Бесс — вот кто был целью Александра во время этого броска на северо-восток Персидской империи. Пока Бесс был жив и объединял вокруг себя тех, кто возлагал надежды на возрождение Ахеменидов и был снедаем ненавистью к чужеземцам, напавшим на их землю и стремившимся заполучить трофеи, пока дышал этот человек, претендовавший на то, чтобы стать истинным наследником трона под именем Артаксеркса IV, господство Александра не могло быть окончательным, фланги оставались под угрозой, и его так долго вынашиваемый и дерзновеннейший из замыслов — пойти на Индию — был неосуществим.
И Бесса гнали от Бактры до Окса (Аму-Дарья), преследуя на протяжении всей пустыни, где жара превзошла даже пекло Месопотамии, до тех пор, пока однажды утром не появились откуда-то два всадника-бактрийца, сообщившие македонянам, что те могут заполучить Бесса, если он им так нужен, ибо сами они больше уже не хотят терпеть его власть: он отдал их страну без боя, бросив всех своих подданных в беде. Выложив все это, они назвали и то селение, где он скрывался. Птолемею было поручено захватить Бесса и привязать обнаженным к столбу, стоявшему у перекрестка дорог.
Александр был там на следующий день. Подъехав к пленнику на коне, он спросил: «Какой из зверей пробудился в тебе и сподвиг на то, чтобы поднять руку на царя?» Бесс ответил: «Мы поступили так, чтобы заслужить твою благосклонность».

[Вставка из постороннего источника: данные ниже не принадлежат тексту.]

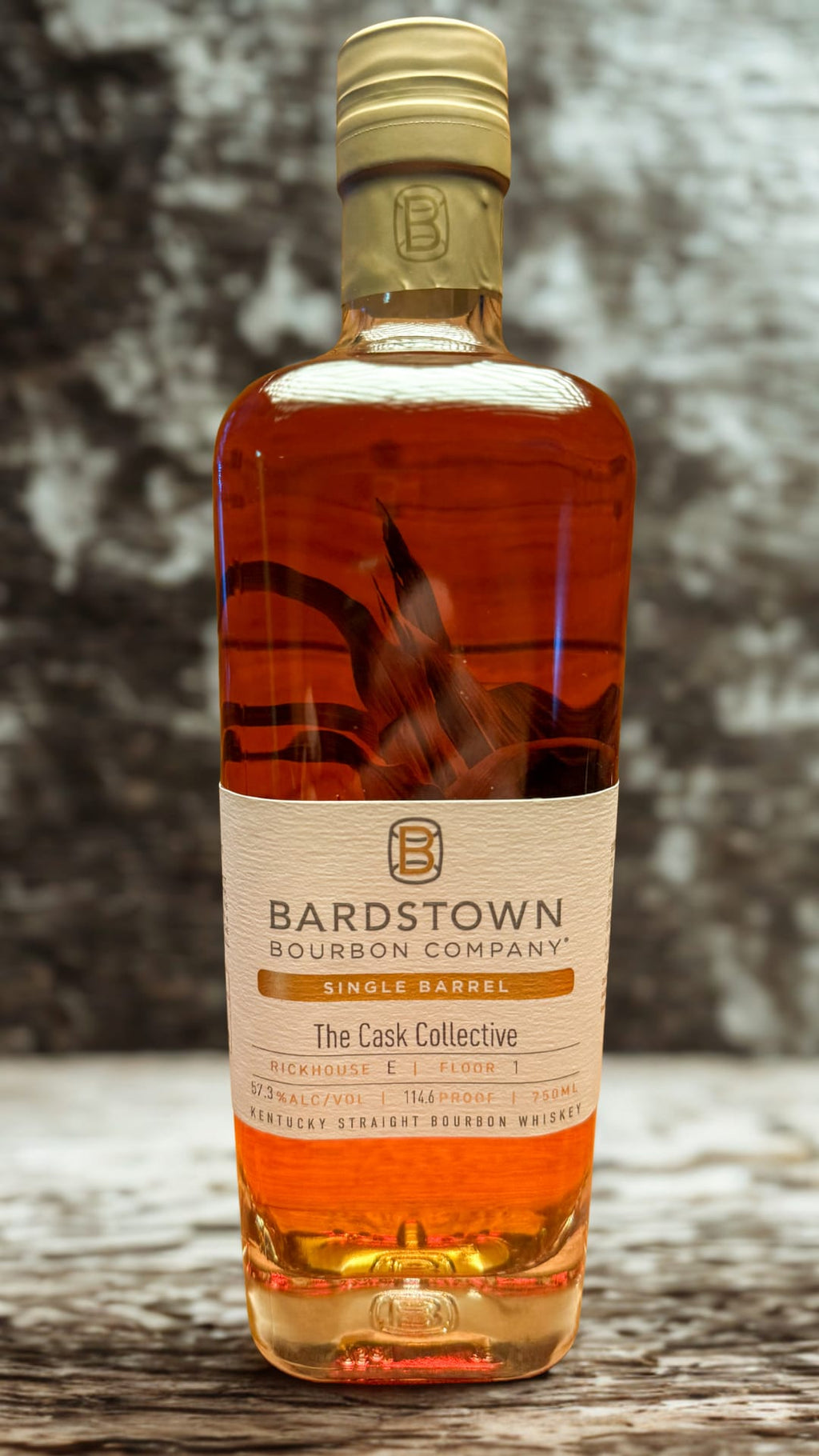 Bardstown Bourbon: Cask Collective Pick
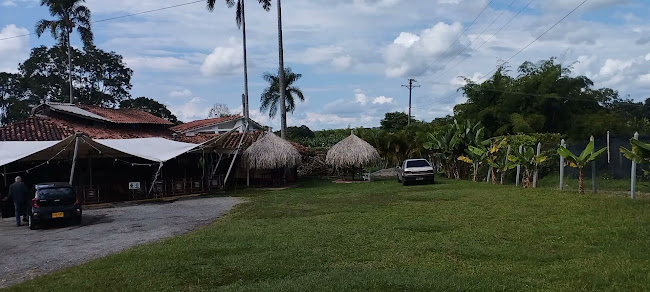 La Cabaña Del Gran Pandebono - Gastronomía y hostelería
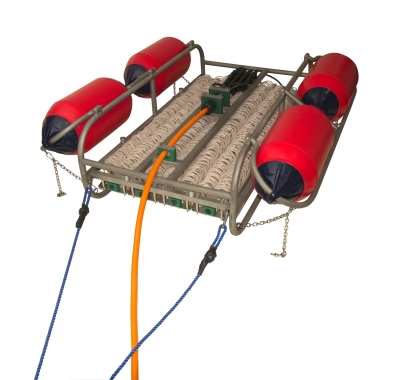 Морские электроискровые источники SWS и VSWS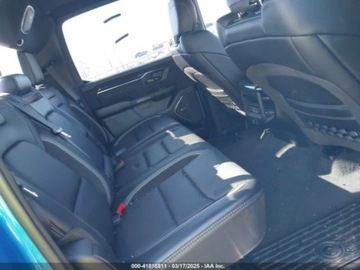  RAM 1500 2022r., Trx, od ubezpieczalni 6.2 Benzyna 702KM, zdjęcie 8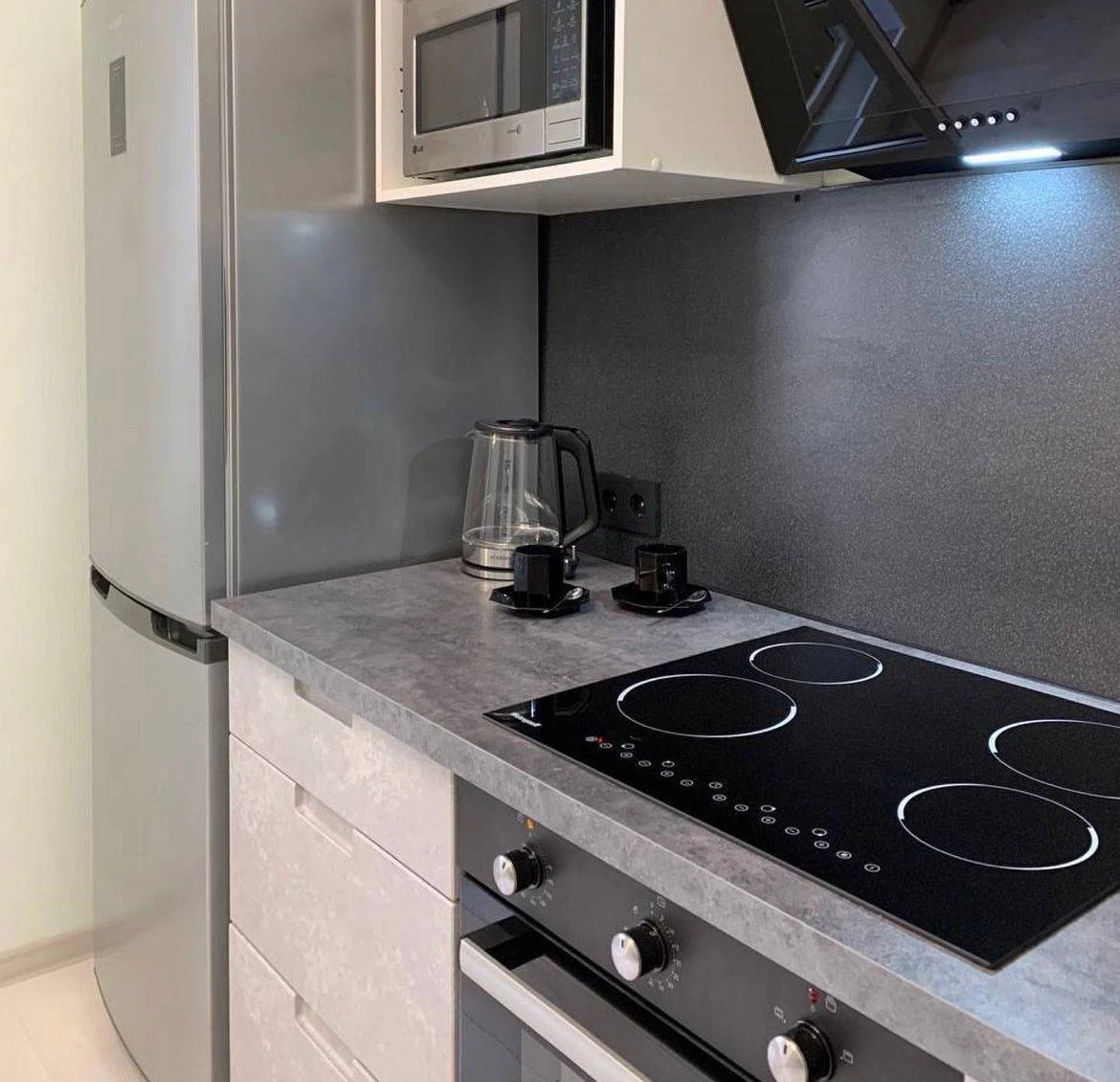 ЖК ЧИСТОЕ НЕБО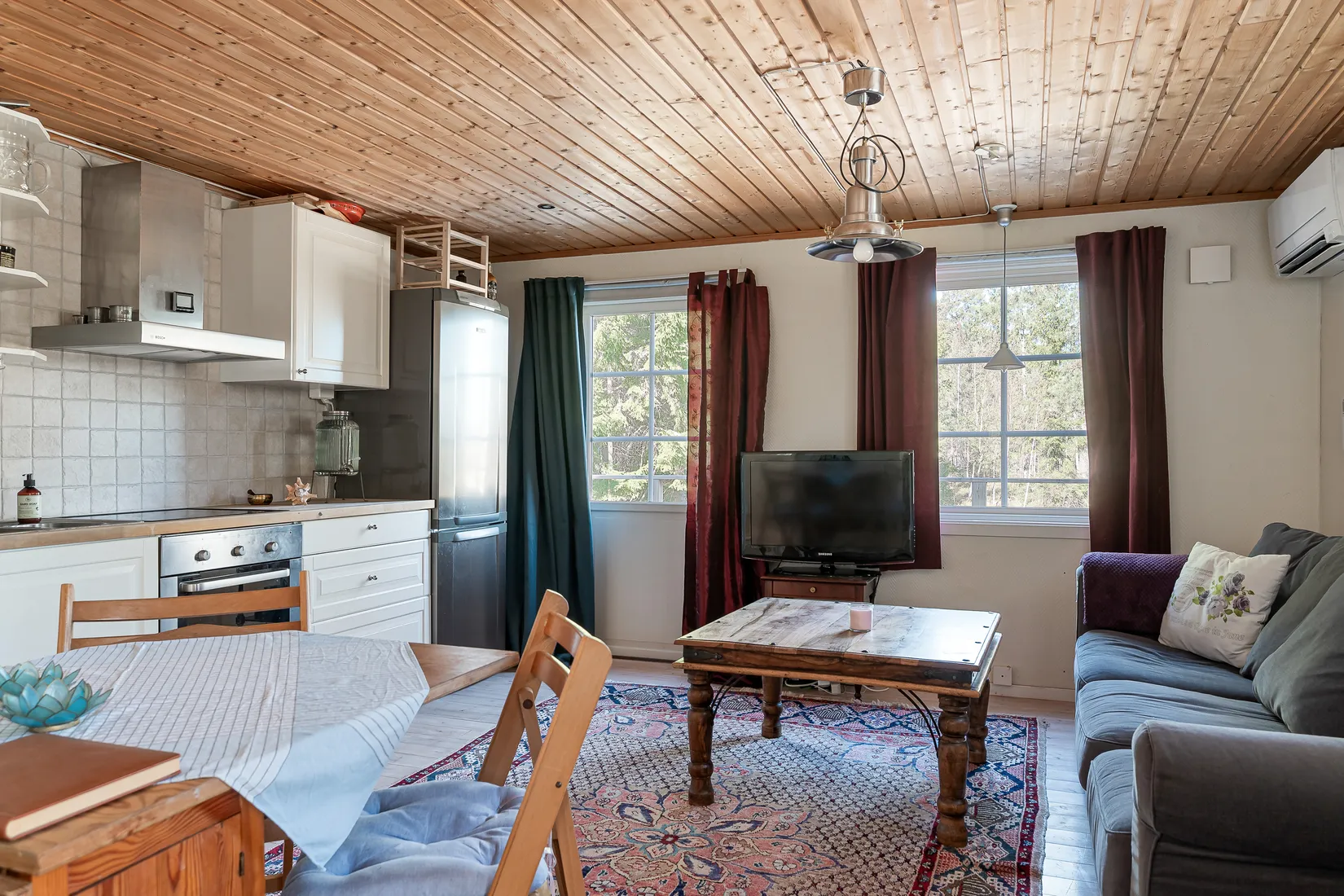 Fritidshus, Lillströmsvägen 33, Ljusterö - Lillström, Österåker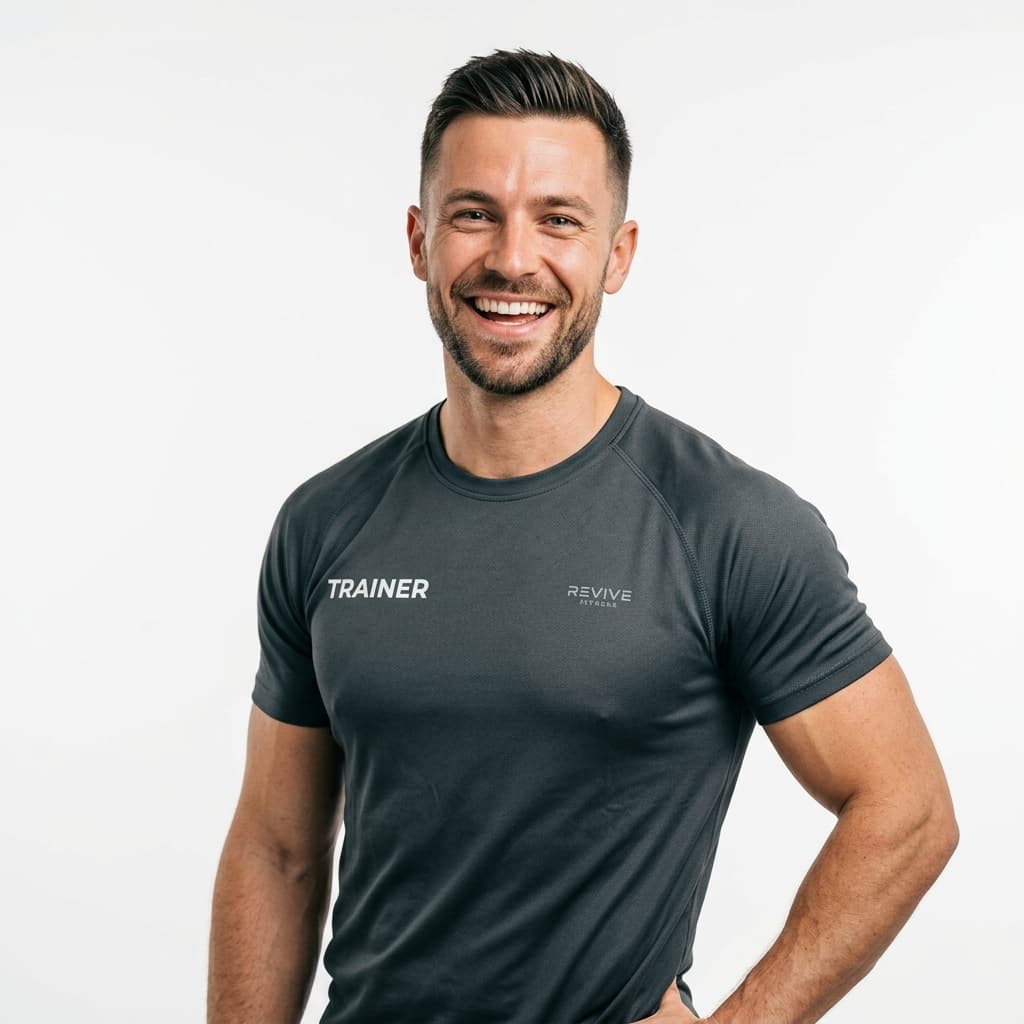 Fitness Trainer
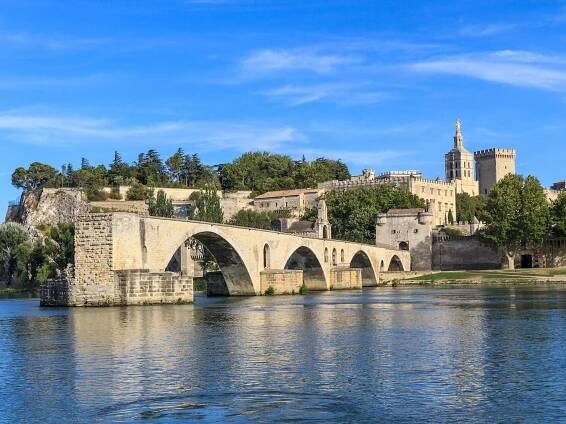 Nejlepší hotely v oblasti Provensálsko – Kde se ubytovat v oblasti Provensálsko, Francie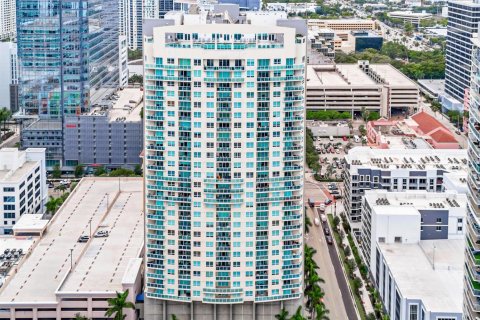 Condo in Fort Lauderdale, Florida, 1 bedroom  № 2391823 - photo 26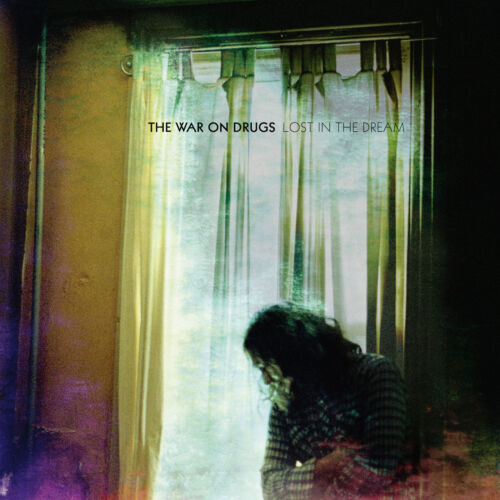 The War On Drugs LOST IN THE DREAM 180g +MP3s Gatefold NEW SEALED VINYL 2 LP
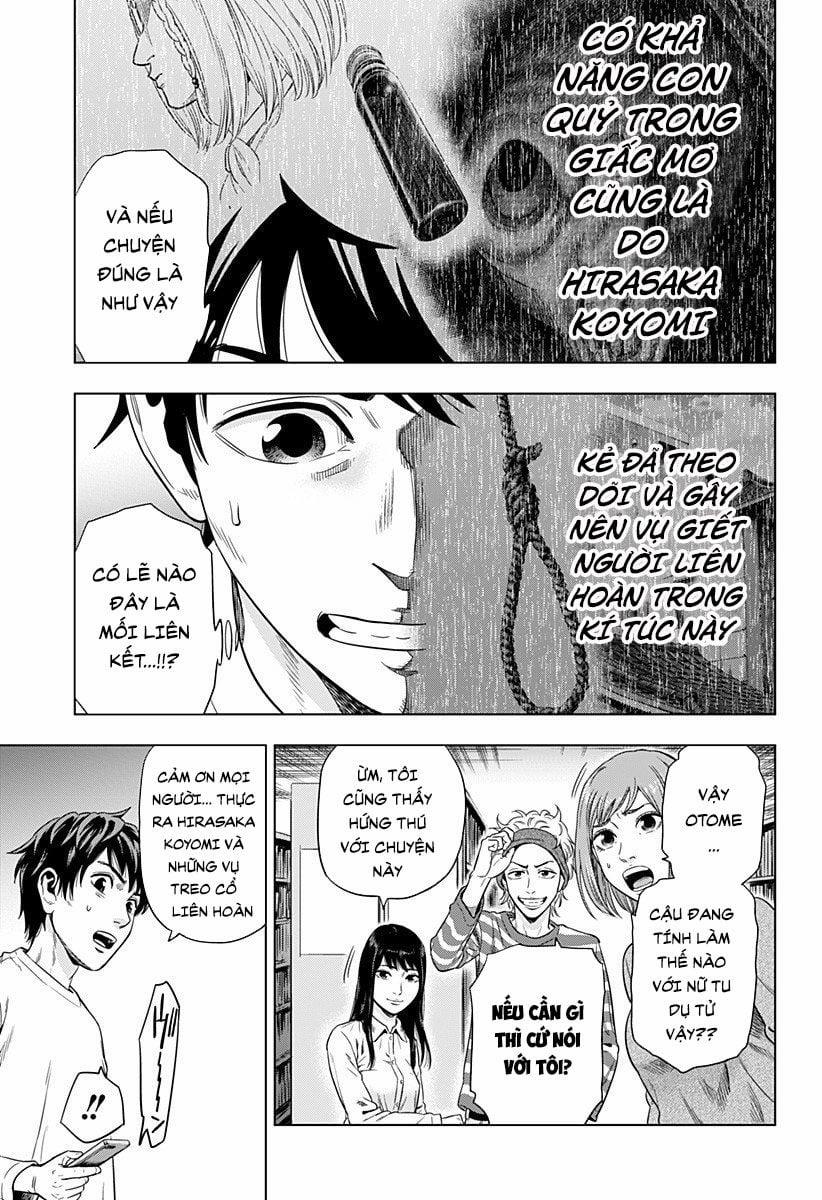 Hợp Đồng Tự Tử 3 trang 18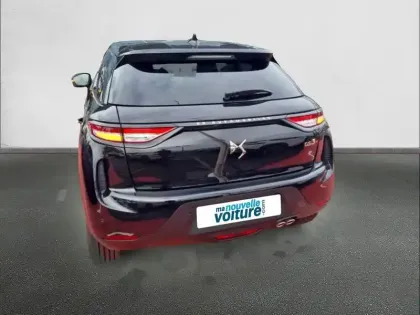 Photo 4 DS DS 3  Hybride 145 e-DCT6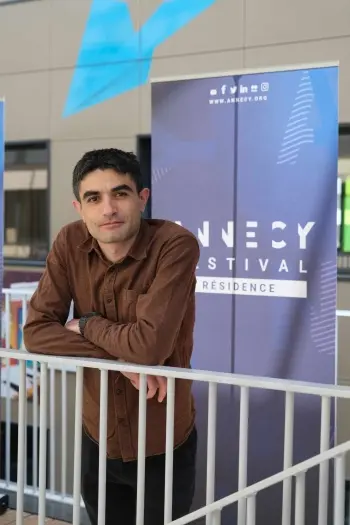 Tigran Arakelyan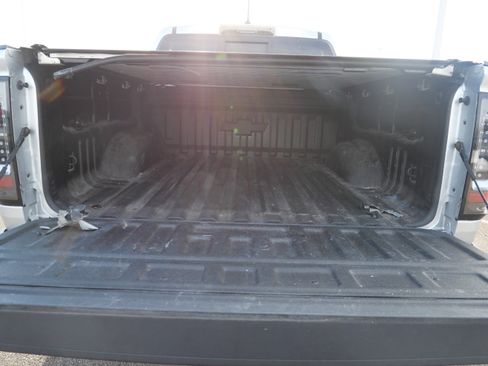 Used 2019 Chevrolet Colorado Z71 image 18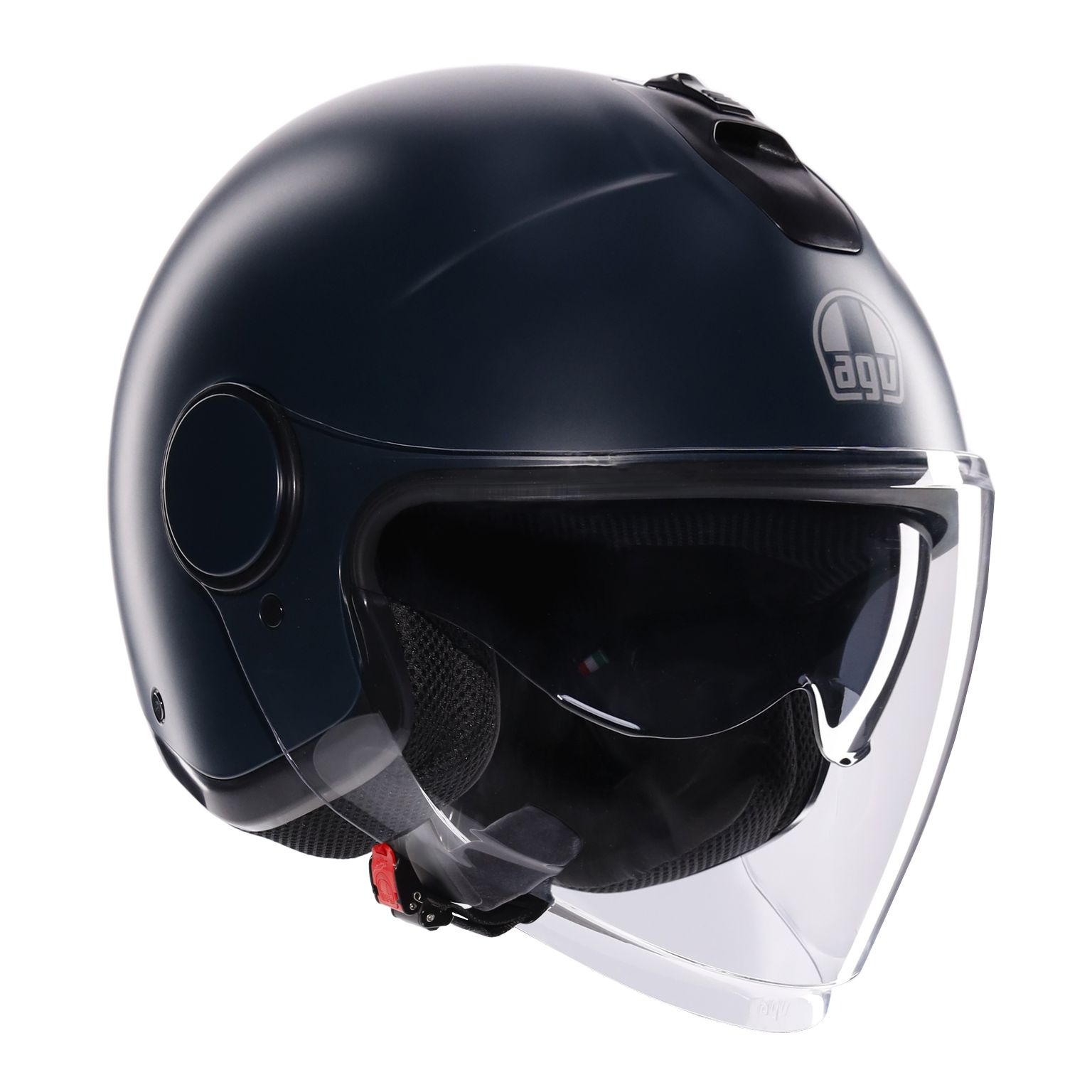 Casque+jet+AGV+ETERES+-+MONO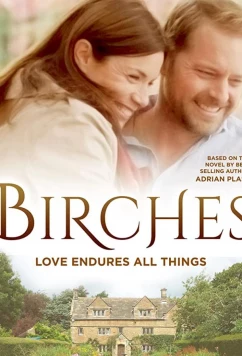 Постер: Березы / Birches (2019)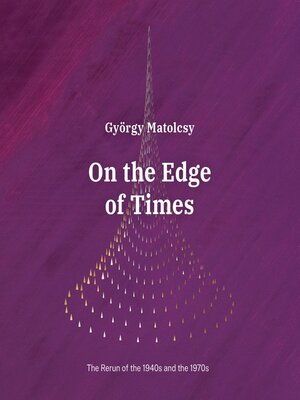 cover image of On the Edge of Times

Македонянин велел высечь его, после чего отрезать нос и уши, ибо этого требовал местный обычай. Как отмечал еще Арриан, жестокость наказания, свойственная варварам, была недостойна такого человека, как Александр. Искалеченного Бесса доставили в Экбатаны, где судьбу его решали персы и мидийцы во главе с братом Дария. Приговор был очевиден, предстояло выбрать лишь способ казни. В конце концов Бесса разорвали на части, привязав за руки и за ноги к кронам двух согнутых, а затем отпущенных деревьев. Однако вскоре Александр уже сожалел о том, что не оставил его в живых — человек, который сменил Бесса, стал для солдат истинным кошмаром. Звали его Спитамен.